UNITED STATES DISTRICT COURT FOR THE SOUTHERN DISTRICT OF TEXAS HOUSTON DIVISION
Sep 28, 2018
CIVIL ACTION NO. H-18-2179 (S.D. Tex. Sep. 28, 2018)

Summary

reiterating that the distinction between policy handling and policy procurement is jurisdictional

Summary of this case from Norris v. Allstate Ins. Co.

Opinion

CIVIL ACTION NO. H-18-2179

09-28-2018

YOUNAS CHAUDHARY and BUSHRA CHAUDHARY, Plaintiffs, v. CHUBB & SON, INC. d/b/a CHUBB GROUP OF INSURANCE COMPANIES, ARTHUR J. GALLAGHER & CO., and CHRIS BETTINA, Defendants.


MEMORANDUM AND OPINION

In this insurance-coverage dispute, Younas and Bushra Chaudhary sued Arthur J. Gallagher & Co. and Chubb & Son, Inc. (the "Insurers") and an individual insurance agent, Chris Bettina, in the 129th Judicial District Court of Harris County, Texas. (Docket Entry No. 1-2). The Chaudharys asserted claims under the Texas Deceptive Trade Practices Act, TEX. BUS. & COMM. CODE § 17.01, et seq., and the Texas Insurance Code, TEX. INS. CODE § 541.00, et seq., as well as common-law misrepresentation, fraud, and negligence. They also asserted a separate breach of fiduciary duty claim against Bettina. (Id.). Arthur J. Gallagher & Co. and Bettina timely removed to federal court based on both federal-question and diversity jurisdiction, (Docket Entry No. 1), and Chubb consented to the removal. (Docket Entry No. 3). The Chaudharys moved to remand, challenging both grounds for removal jurisdiction. (Docket Entry No. 8). For the reasons explained below, the court finds that federal-question jurisdiction exists and denies the motion to remand.

I. Background

At some point before August 2017, the Chaudharys turned to their longstanding insurance agent, Bettina, to insure their home in Spring, Texas. (Docket Entry No. 1-2 at ¶ 8). The couple had worked with the Insurers and Bettina over the years to buy and renew policies covering their home and businesses. (Id.). The Chaudharys allege that because of this longstanding business relationship, the Insurers and Bettina knew their coverage needs and their desire to fully protect their home and its contents, valued at almost $20 million. (Id. at ¶ 9). The Insurers and Bettina provided them a property-insurance policy that included standard federal flood insurance coverage, which the Chaudharys allege was far short of what they needed for adequate coverage. (Id.).

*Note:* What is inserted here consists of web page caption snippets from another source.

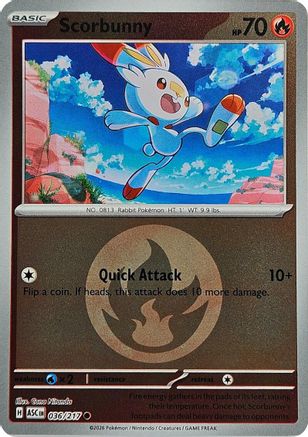 Scorbunny 036/217  - Reverse Holofoil ME Ascended Heroes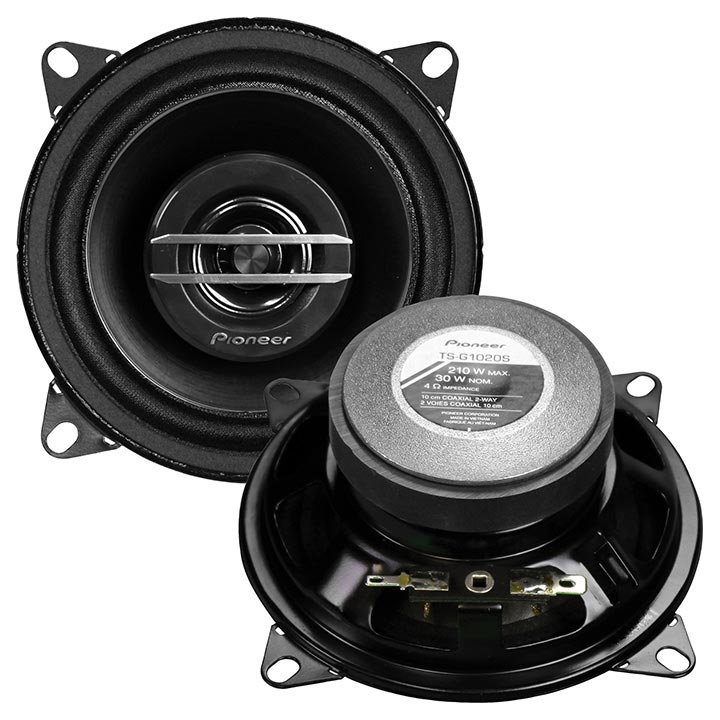 Pioneer 4" 2 Way Full Range Speakers 210 Watts - Pair - No Grills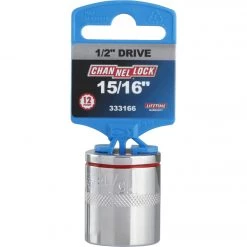 Channellock 1/2 In. Drive 15/16 In. 12-Point Shallow Standard Socket -Cheap Channellock Store ItemImage 333166 q5vsrl a4h8yw cl11xc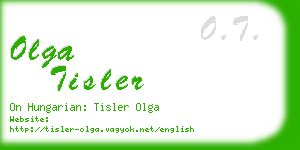 olga tisler business card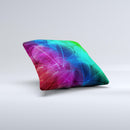 Glowing Leaf Structure Ink-Fuzed Decorative Throw Pillow
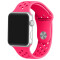 Curea iUni compatibila cu Apple Watch 1/2/3/4/5/6/7, 38mm, Silicon Sport, Pink
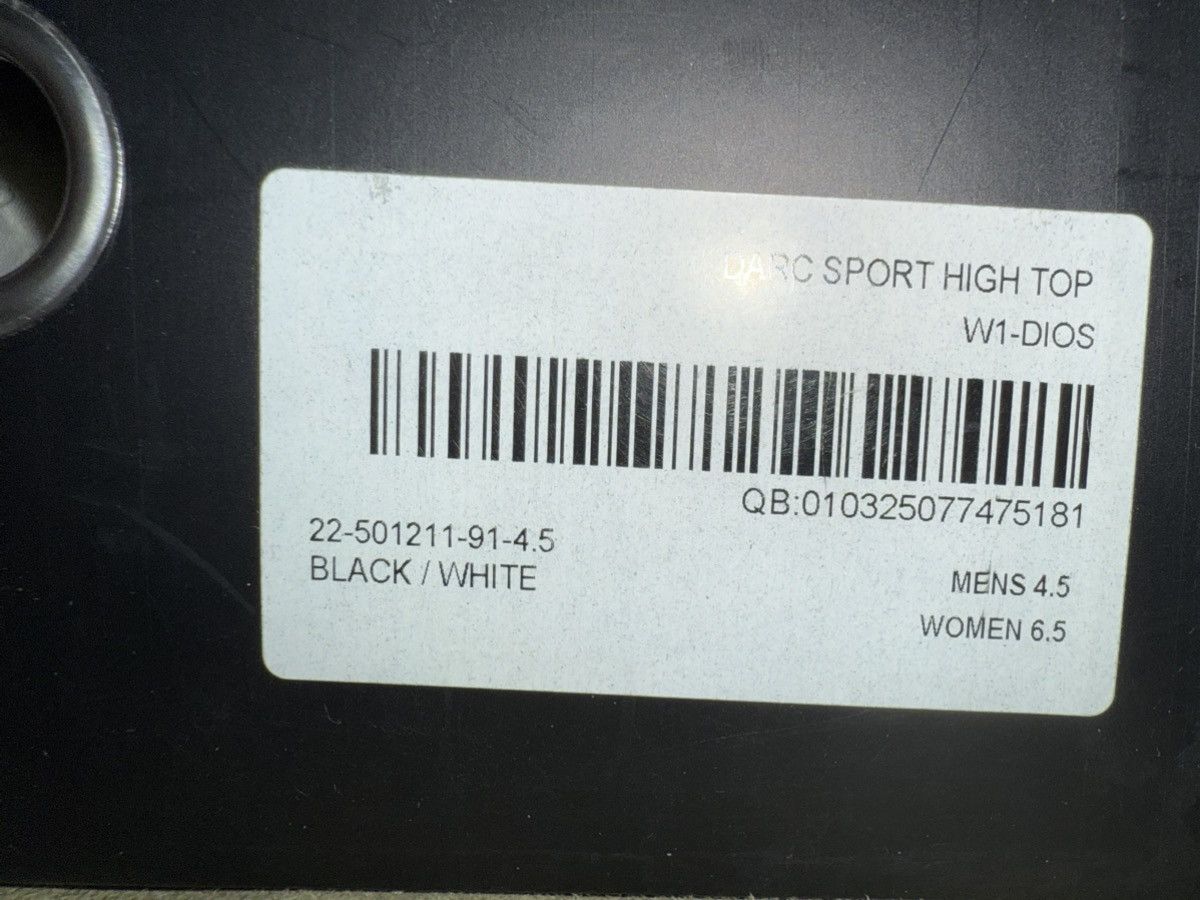 Darc Sport Darc Sport high top 6.5w/4.5m-y, NEW w/ Box & Dust Bag NFGU! Size US 6.5 / IT 36.5 - 6 Thumbnail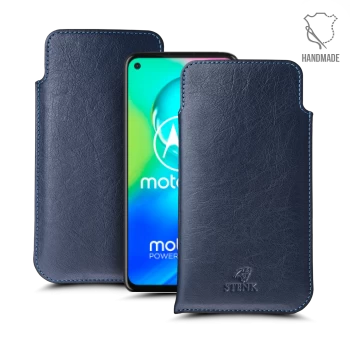 Футляр Stenk Elegance для Motorola Moto G8 Power Синій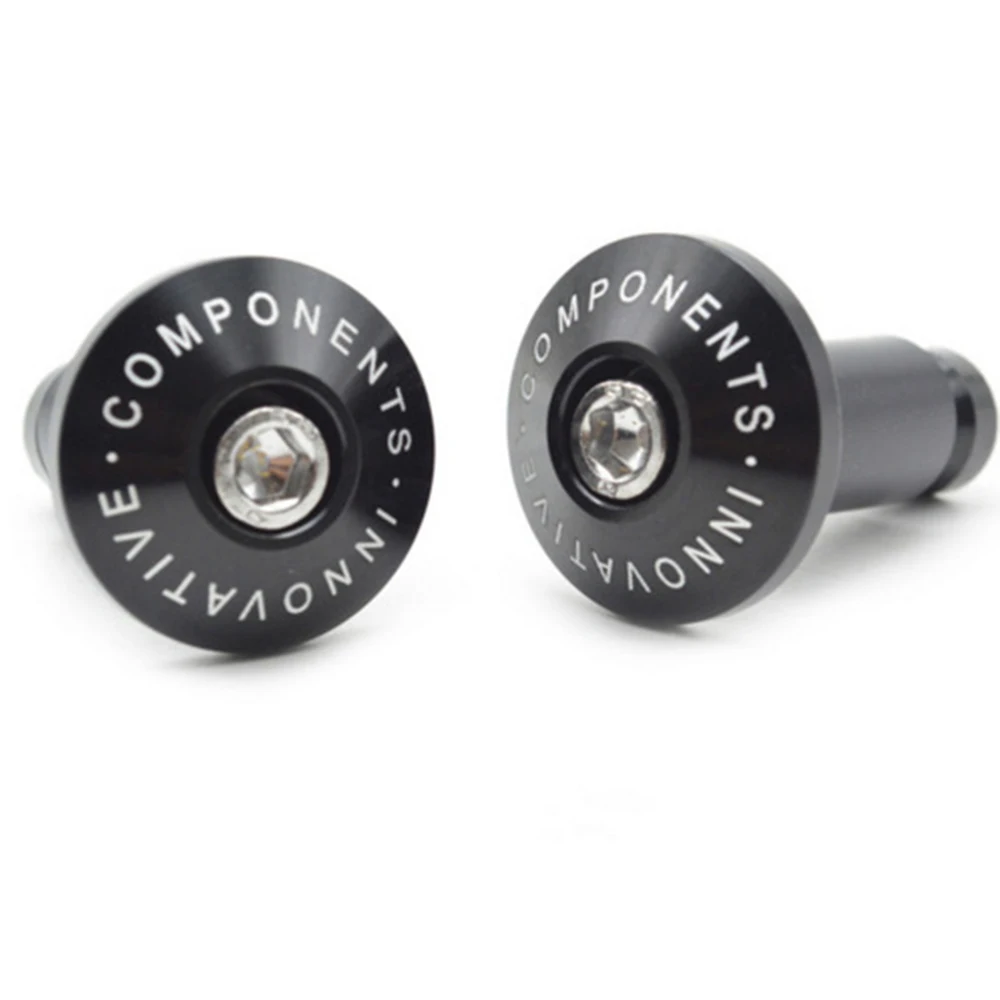 

1 Pair MTB Road Bike Handlebar End Plugs Grip Bar Cap Aluminum Alloy Screw Insert Cover Replacement Bicycle Parts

The Chaudharys' state-court petition does not specify when they purchased their flood insurance policy from Bettina and the Insurers. (See Docket Entry 1-2). The earliest date mentioned in the petition is August 25, 2017, when the Chaudharys "became aware of Hurricane Harvey" and their son contacted Bettina to discuss their policy's coverage. (Id. at ¶ 10).

The Chaudharys allege that the Insurers and Bettina assessed their property value through phone conversations, in-person meetings, and visits to the home, and that they agreed to flood insurance based on the Insurers' and Bettina's representations, recommendations, and assurances that their property and assets would be adequately covered. (Id. at ¶ 9). They assert that the Insurers and Bettina did not disclose that their policy did not include flood coverage beyond the standard federal flood policy limit. (Id. at ¶ 12). They point to specific assurances, including an alleged conversation between their son and Bettina in August 2017, as Hurricane Harvey neared Houston. (Id. at ¶ 10). They allege that Bettina confirmed that their home and its contents would be fully covered if there was flooding or other damage from the storm. (Id.).

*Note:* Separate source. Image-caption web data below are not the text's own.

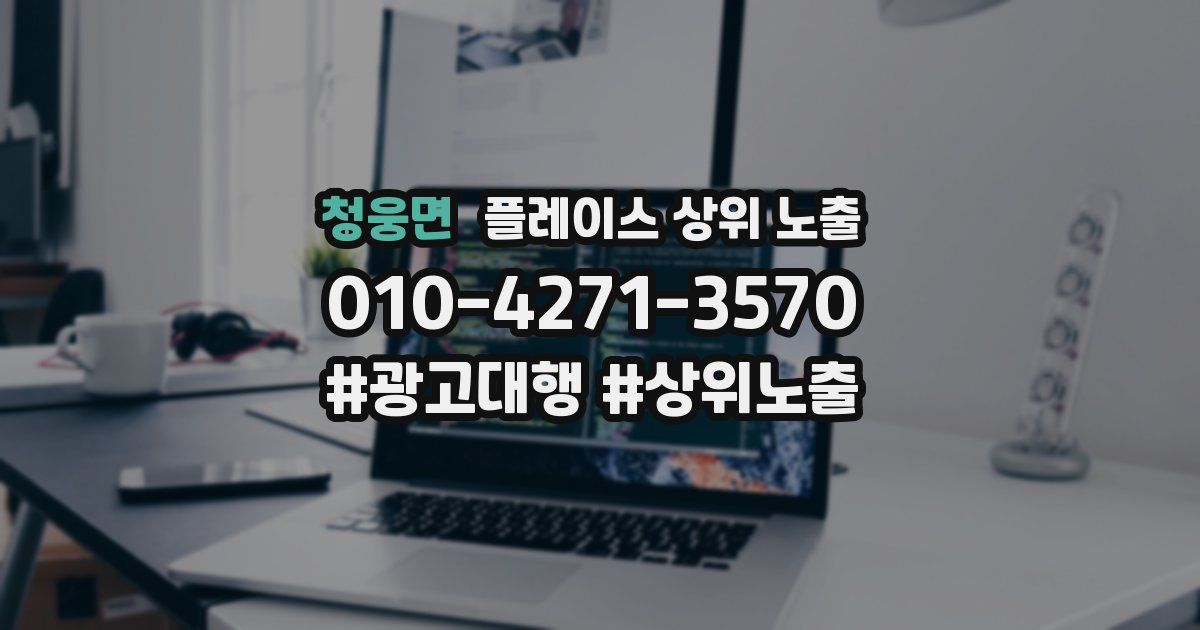 청웅면 플레이스 상위 노출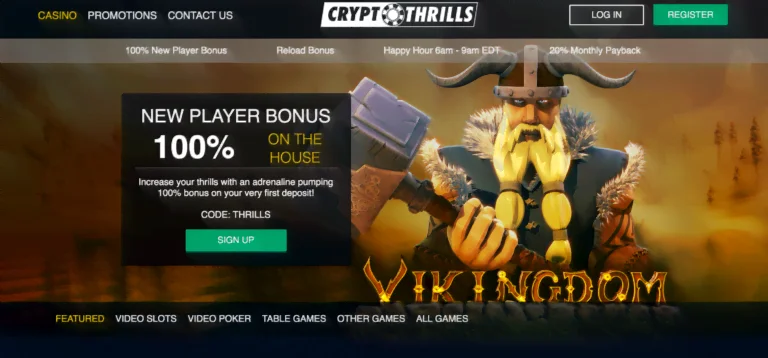 crypto thrills casino no deposit bonus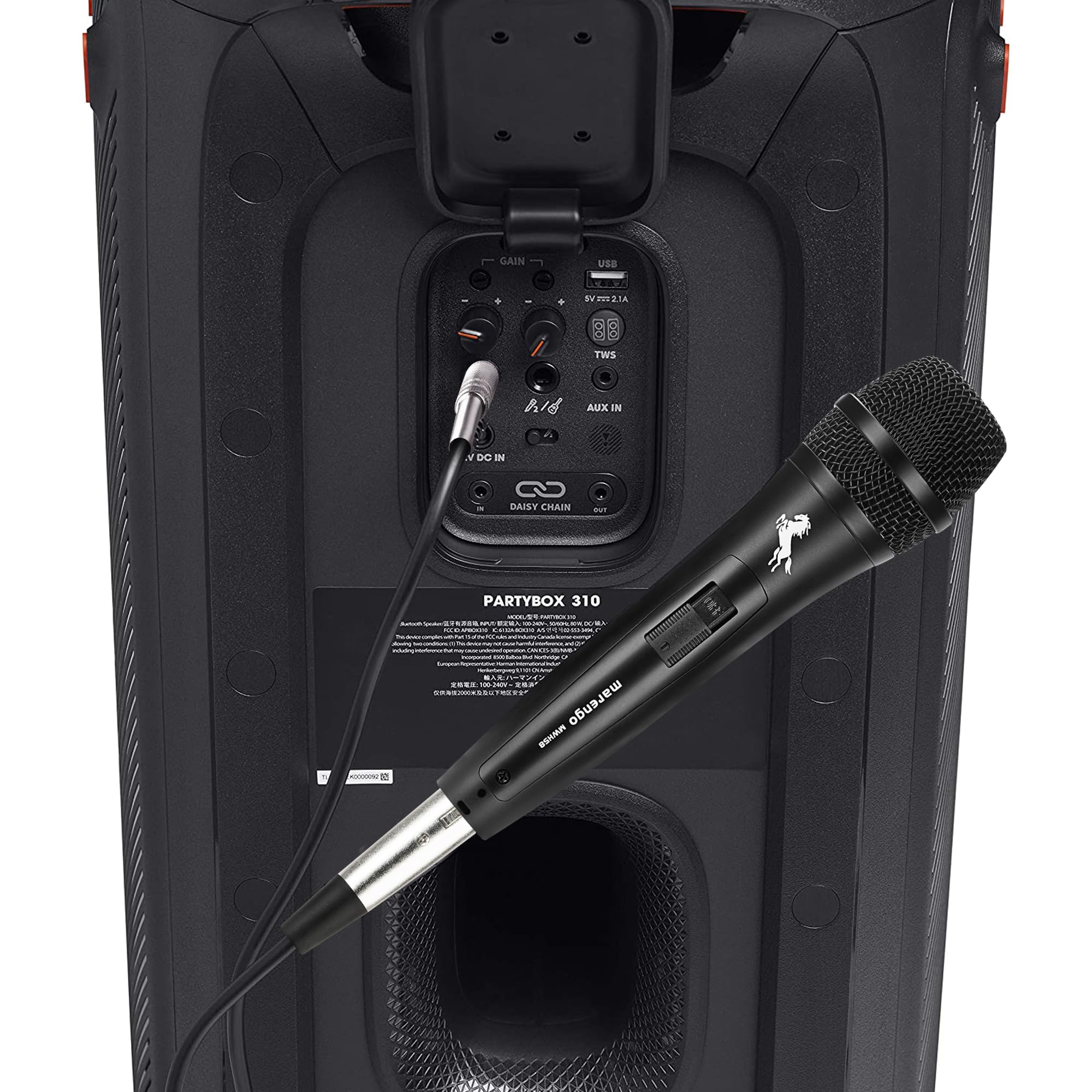 Marengo Dynamic Vocal Microphone for Karaoke Speaker,Wired Handheld Mic with On and Off Switch and 13ft Detachable Cable MWH58 - Image 6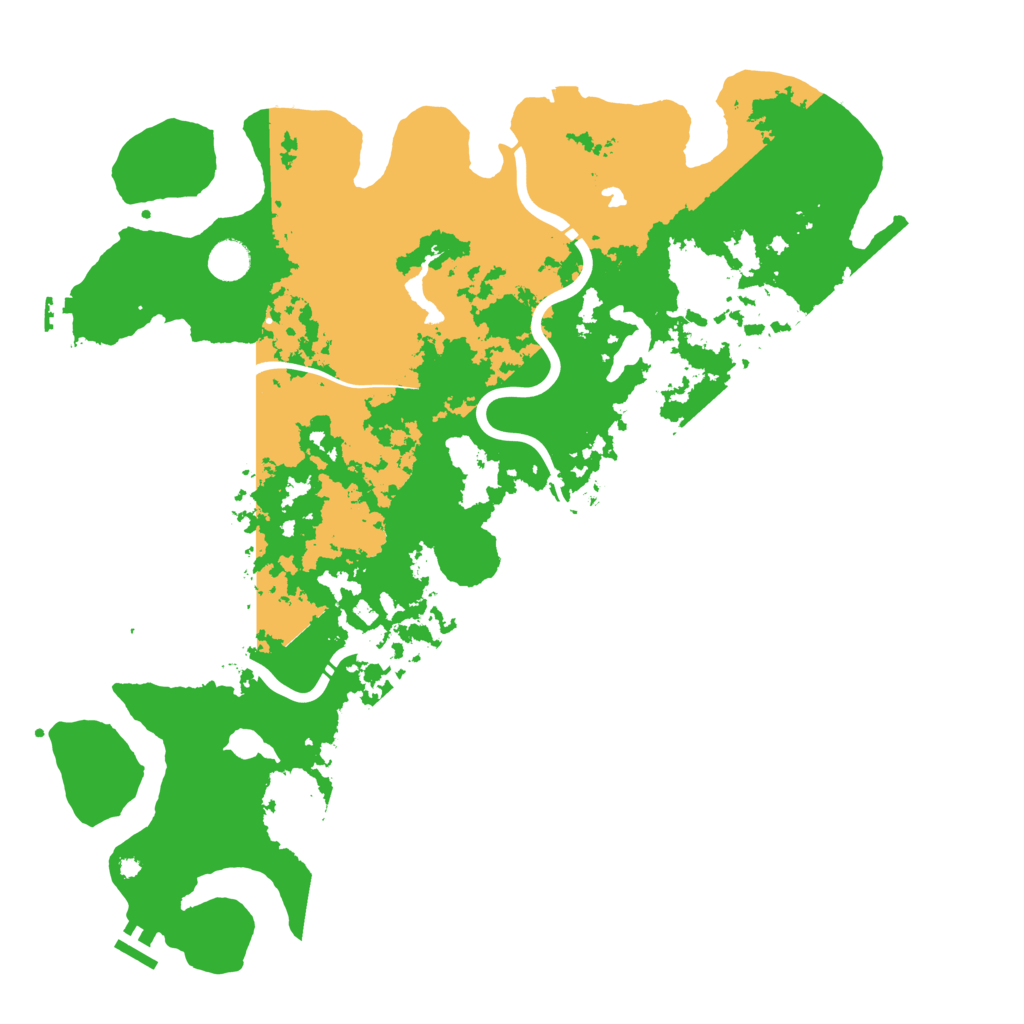 Biome Rust Map: Procedural Map, Size: 4500, Seed: 170636799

In late August 2017, the Chaudharys' home sustained substantial flood damage during Hurricane Harvey. (Id. at ¶ 11). Their standard federal flood insurance policy provided $350,000 in coverage, which, according to the state-court petition, did not cover most of their assets. (See id. at ¶ 9, 12). The Chaudharys allege that had the Insurers and Bettina informed them that they lacked excess flood insurance, they would have purchased more insurance, enough to fully cover their home and its contents. (Id. at ¶ 12).

In May 2018, the Chaudharys sued the Insurers and Bettina in state court. (Docket Entry No. 1-2). In their notice of removal, the defendants asserted that a federal question exists because the Chaudharys' standard flood insurance policy is part of the National Flood Insurance Program, and federal law preempts state-law claims arising out of a National Flood Insurance Program policy. (Docket Entry No. 1 at ¶¶ 7-13). The defendants also asserted that the properly joined parties are diverse because the in-state defendant, Chris Bettina, was improperly joined. (Id. at ¶¶ 14-17).

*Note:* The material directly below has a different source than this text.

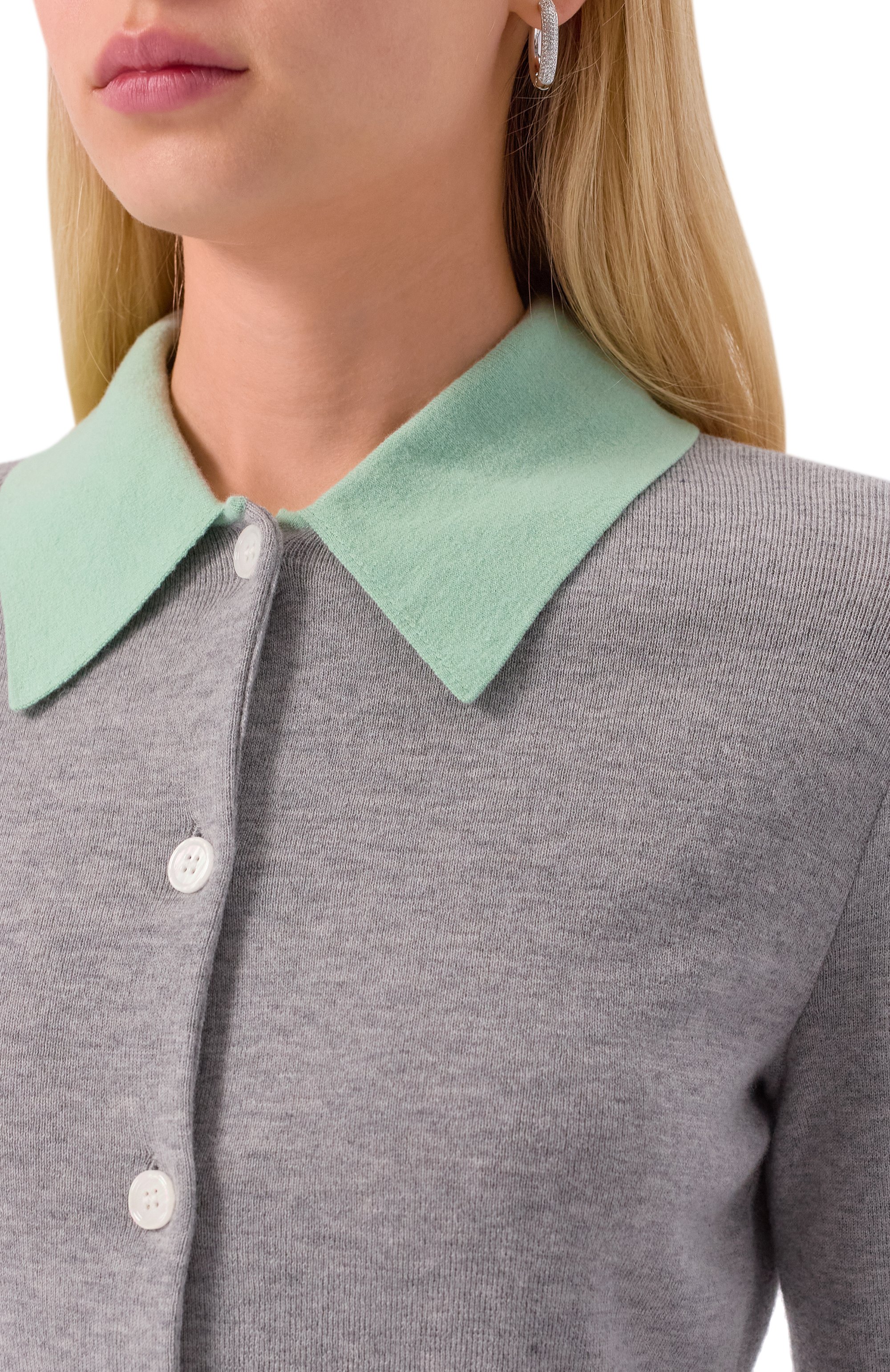 Шерстяной кардиган SELF-PORTRAIT, арт. PF25097CGR, фото 5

The Chaudharys timely moved to remand, arguing that their only claims are under state law and no federal-question jurisdiction exists. (Docket Entry No. 8 at 4). They assert that federal preemption does not apply because their claims focus on policy procurement rather than on claims handling. (Id. at 4-13). They also argue that diversity jurisdiction does not exist because Bettina, an in-state, Texas citizen, was properly joined. (Id. at ¶¶ 16-21).

II. The Legal Standards

Defendants may remove a state-court action to federal court when federal jurisdiction exists and the removal is procedurally proper. 28 U.S.C. §§ 1441, 1446(b). The removal statute is strictly construed and ambiguities are interpreted in favor of remand. Manguno v. Prudential Prop. & Cas. Ins. Co., 276 F.3d 720, 723 (5th Cir. 2002). The removing party has the burden to establish the facts necessary for federal jurisdiction. Allen v. R & H Oil & Gas Co., 63 F.3d 1326, 1335 (5th Cir. 1995) (citing Gaitor v. Peninsular & Occidental S.S. Co., 287 F.2d 252, 253-54 (5th Cir. 1961)).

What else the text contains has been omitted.